Yet another flower I didn’t really expect to see in Tasmania, but there it is, proud and tall, and clearly flourishing, in the garden of our Airbnb.
Plants that you find in Airbnb gardens tend to be of the little-to-no-maintenance variety. And judging from the rest of the garden, I’d say this cynaroides must be a no-maintenance-at-all variety.
Dr.
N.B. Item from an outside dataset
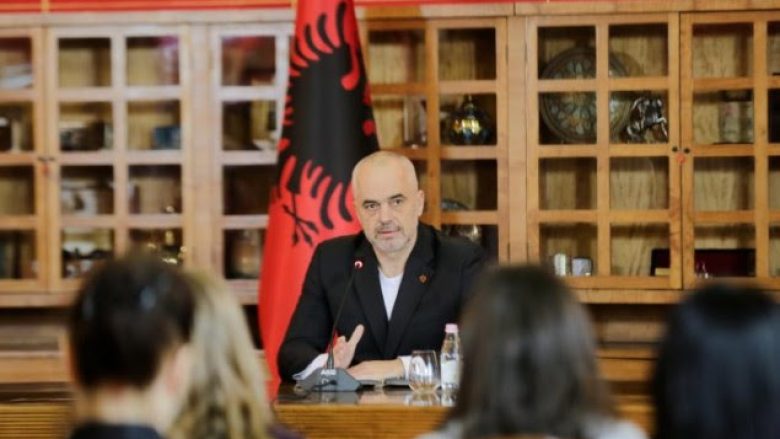 Qeveria e Shqipërisë mbledhje të posaçme për kërkesat e studentëve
Wiki suggests that this flowering plant is also called the king protea, giant protea, or king sugar bush - partly due, no doubt, to its flower head being the largest of the genus.
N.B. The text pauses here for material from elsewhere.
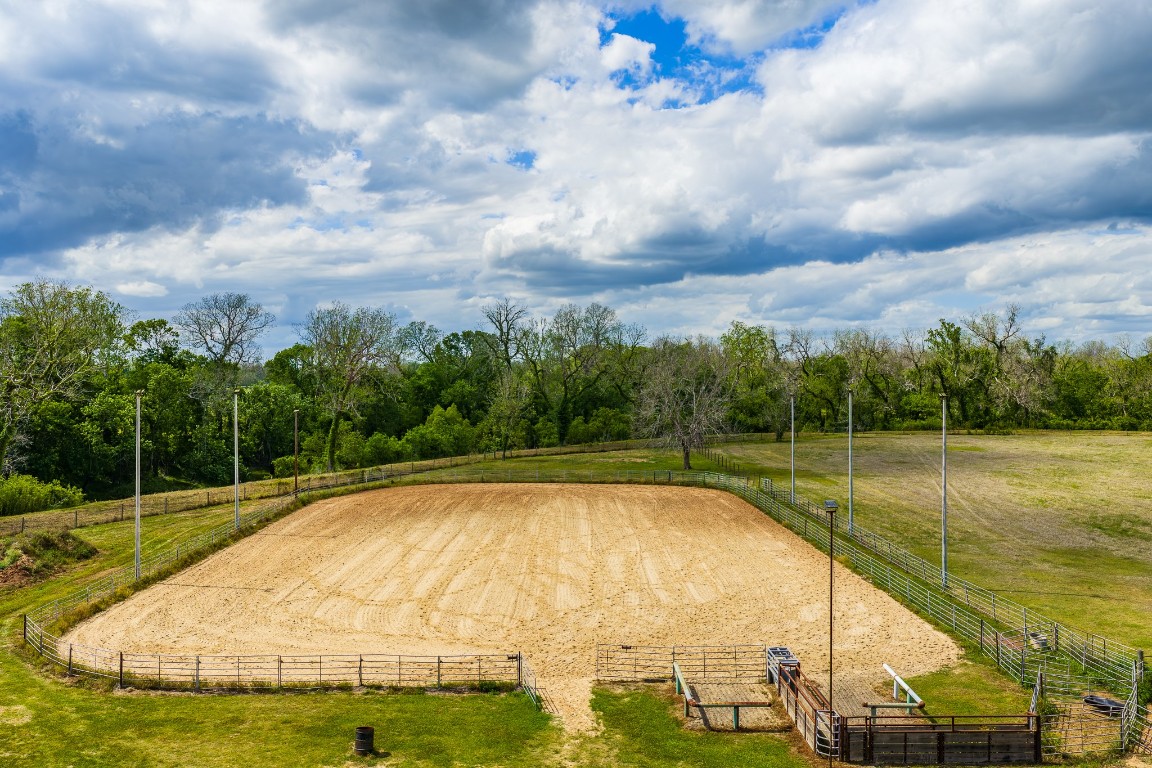 8283 Ashwood Road Van Vleck, TX 77482 - Photo 5 of 17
It’s distributed across the southwestern and southern parts of South Africa - which fits in much more with my uneducated guess about the sort of climate this protea might come from and flourish in.
Ok, so just like my idea of Tasmania’s suitability as a protea nurturer is somewhat misguided, so too must be my idea of South Africa’s proximity to the equator.
But when I seek a second opinion from Dr Google, s/he tells me that while South Africa’s latitude is in the 30-31*S bracket, Tasmania’s is much further away from the Equator, way down in the 41-42*S bracket.
Which sort of fits with my original impressions: South Africa as hotter and drier; Tasmania as cooler and wetter.
Yet the mighty king protea has completely acclimatised to those cooler climes, and now thrives - seemingly with consummate ease - in the climate of Tasmania, which is essentially the last land stop south before hitting Antarctica.
Rather than donning a lab coat and digging down into the hard science, trying to fully understand how this can be - or even pretending that I do - I prefer to accept and embrace this as yet another example of Nature’s wondrous mysteries. And mysterious wonders.
That might be seen as a bit of a cop out by the botanic enthusiasts amongst us - and I can certainly understand where they’re coming from. But I would point out in my defence that I’m on holidays, dammit, which means I can afford to, and be perfectly comfortable with, not knowing the excruciating details of every answer to every question I happen to ask myself.
Closure be damned, certainty be damned - and long live the mysteries of unpredictability.